# [Exercise objective]
Write out, word for word and with no pictures, each line below from the one containing "this 1344×896 image." through the one containing "this 706×555 image.", both included, and no other line.

# [Supplied entries]
:::::

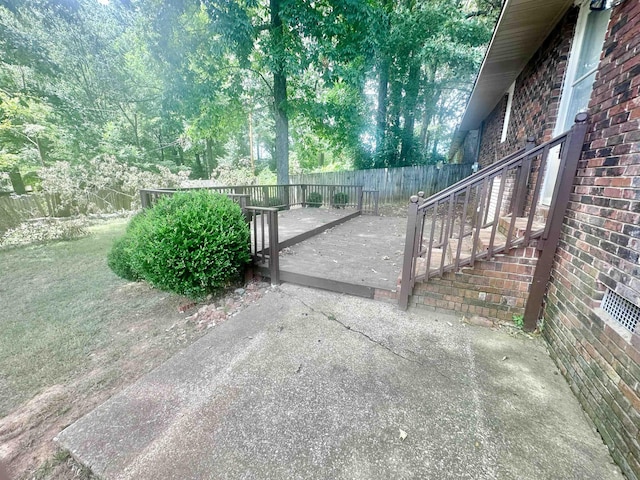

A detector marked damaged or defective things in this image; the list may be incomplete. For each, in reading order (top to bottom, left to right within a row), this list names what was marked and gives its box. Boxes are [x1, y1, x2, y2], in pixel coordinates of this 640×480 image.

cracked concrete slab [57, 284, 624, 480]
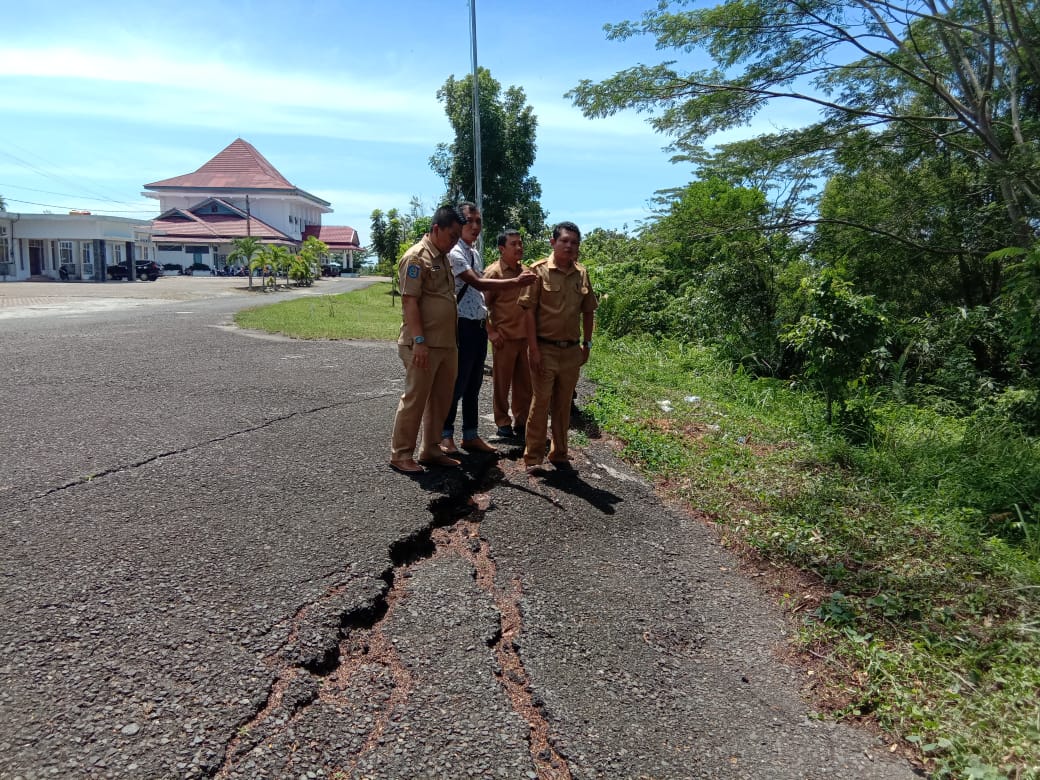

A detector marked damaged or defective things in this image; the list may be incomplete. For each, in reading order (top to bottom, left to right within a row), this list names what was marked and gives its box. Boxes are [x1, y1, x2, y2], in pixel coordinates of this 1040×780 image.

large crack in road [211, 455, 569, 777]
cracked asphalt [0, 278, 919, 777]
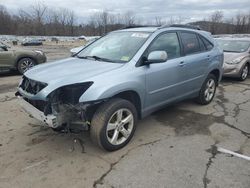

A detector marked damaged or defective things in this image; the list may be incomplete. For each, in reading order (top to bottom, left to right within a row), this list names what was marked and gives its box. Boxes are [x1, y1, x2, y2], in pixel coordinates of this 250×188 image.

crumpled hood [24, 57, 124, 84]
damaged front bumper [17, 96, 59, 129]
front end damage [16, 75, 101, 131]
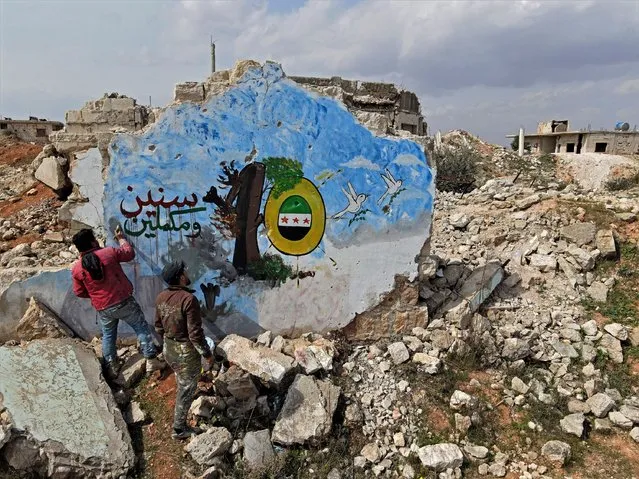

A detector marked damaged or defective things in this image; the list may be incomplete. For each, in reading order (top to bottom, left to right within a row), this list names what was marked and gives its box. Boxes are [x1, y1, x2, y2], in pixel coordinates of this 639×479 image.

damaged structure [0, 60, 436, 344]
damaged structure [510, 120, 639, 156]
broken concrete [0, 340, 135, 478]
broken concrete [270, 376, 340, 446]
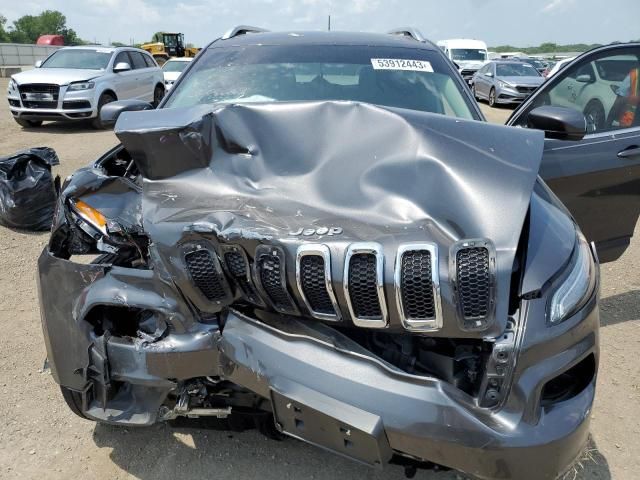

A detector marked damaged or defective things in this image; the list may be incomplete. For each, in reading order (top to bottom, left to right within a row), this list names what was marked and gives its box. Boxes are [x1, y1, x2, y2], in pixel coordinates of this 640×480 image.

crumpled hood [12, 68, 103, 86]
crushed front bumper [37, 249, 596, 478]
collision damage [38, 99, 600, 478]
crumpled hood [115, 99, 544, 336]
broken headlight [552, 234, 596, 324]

:::::

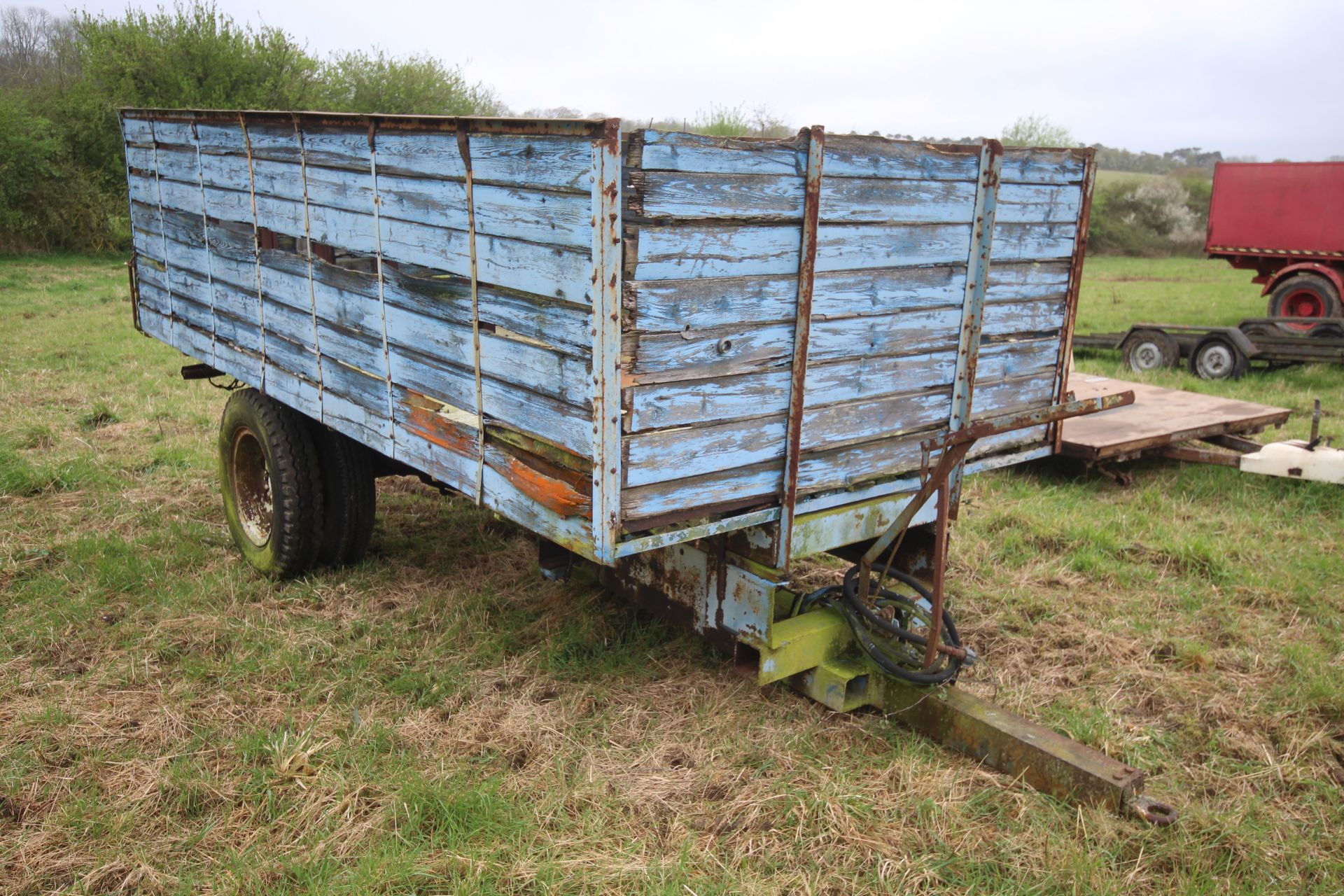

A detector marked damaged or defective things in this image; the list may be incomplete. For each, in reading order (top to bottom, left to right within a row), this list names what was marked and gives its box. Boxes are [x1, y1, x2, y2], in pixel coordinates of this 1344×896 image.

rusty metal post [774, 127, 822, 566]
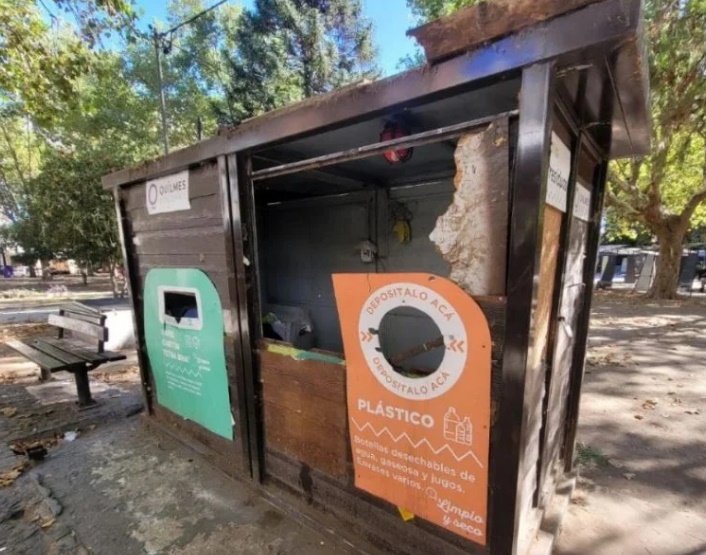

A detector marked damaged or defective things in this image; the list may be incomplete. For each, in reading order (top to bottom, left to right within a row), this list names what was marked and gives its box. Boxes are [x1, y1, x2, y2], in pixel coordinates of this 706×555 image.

:::::

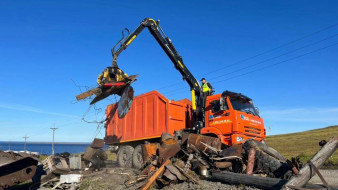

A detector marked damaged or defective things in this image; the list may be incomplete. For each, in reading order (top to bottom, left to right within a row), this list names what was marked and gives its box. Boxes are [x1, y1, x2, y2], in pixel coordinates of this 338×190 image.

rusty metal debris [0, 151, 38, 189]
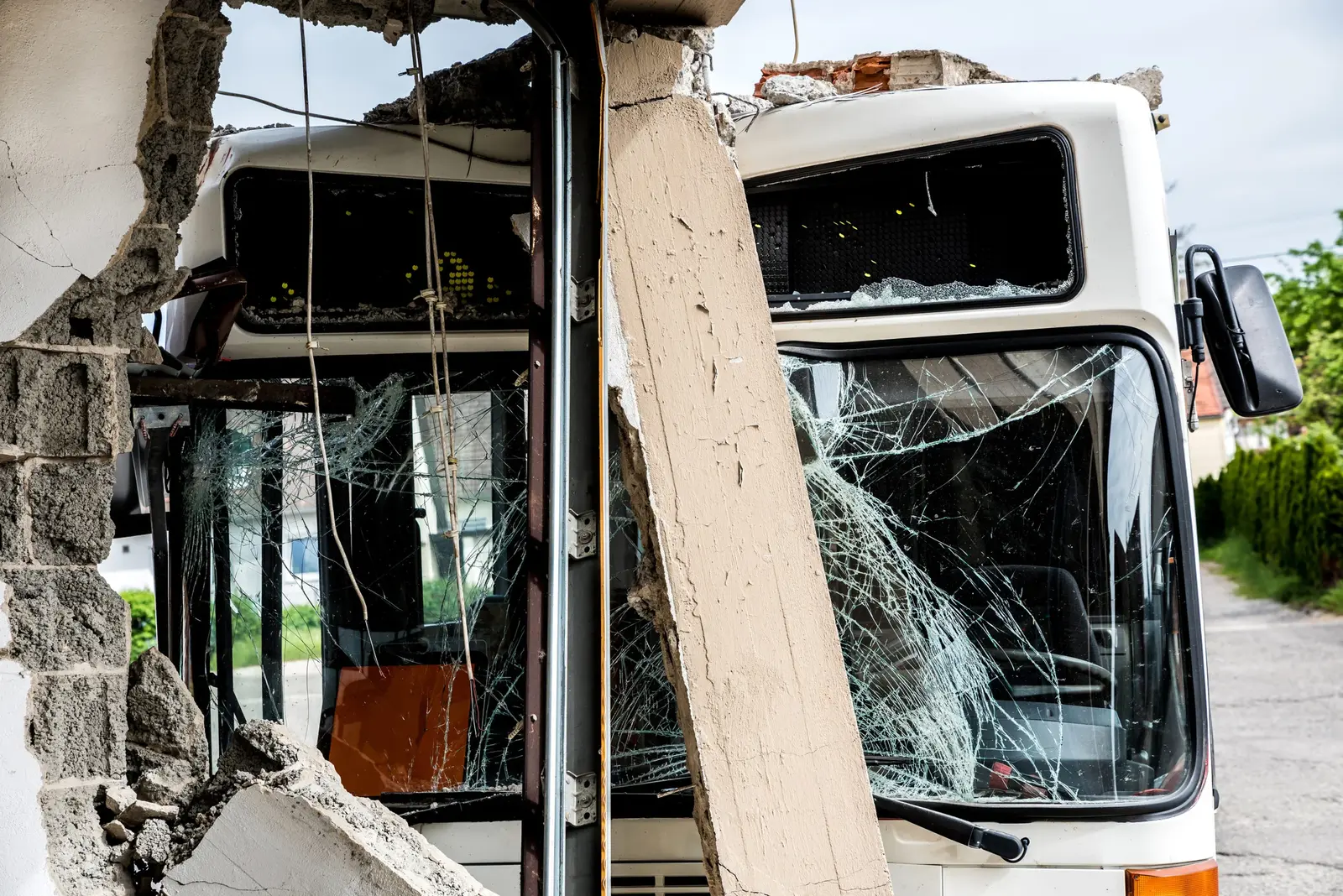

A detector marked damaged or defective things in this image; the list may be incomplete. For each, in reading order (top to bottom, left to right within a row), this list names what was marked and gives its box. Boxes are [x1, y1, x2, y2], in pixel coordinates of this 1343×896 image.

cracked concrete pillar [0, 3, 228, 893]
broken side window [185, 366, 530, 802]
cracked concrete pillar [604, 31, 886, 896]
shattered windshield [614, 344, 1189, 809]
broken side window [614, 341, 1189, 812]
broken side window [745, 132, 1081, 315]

:::::

# [Written response]
A detector marked damaged or defective things in this image; the list may be incomplete. For each, in reading order (top to bottom, left to right within a row), this list names what was marked and gives its box. Boxes are [x1, y1, x2, y2], in pixel coordinates of this 1344×896 image.

rusty metal post [774, 127, 822, 566]

A detector marked damaged or defective things in this image; the list may be incomplete. For each, in reading order (top to bottom, left to right within a row), this list names what was marked and gives its box. Boxes are [x1, y1, x2, y2], in pixel coordinates of this 706×555 image.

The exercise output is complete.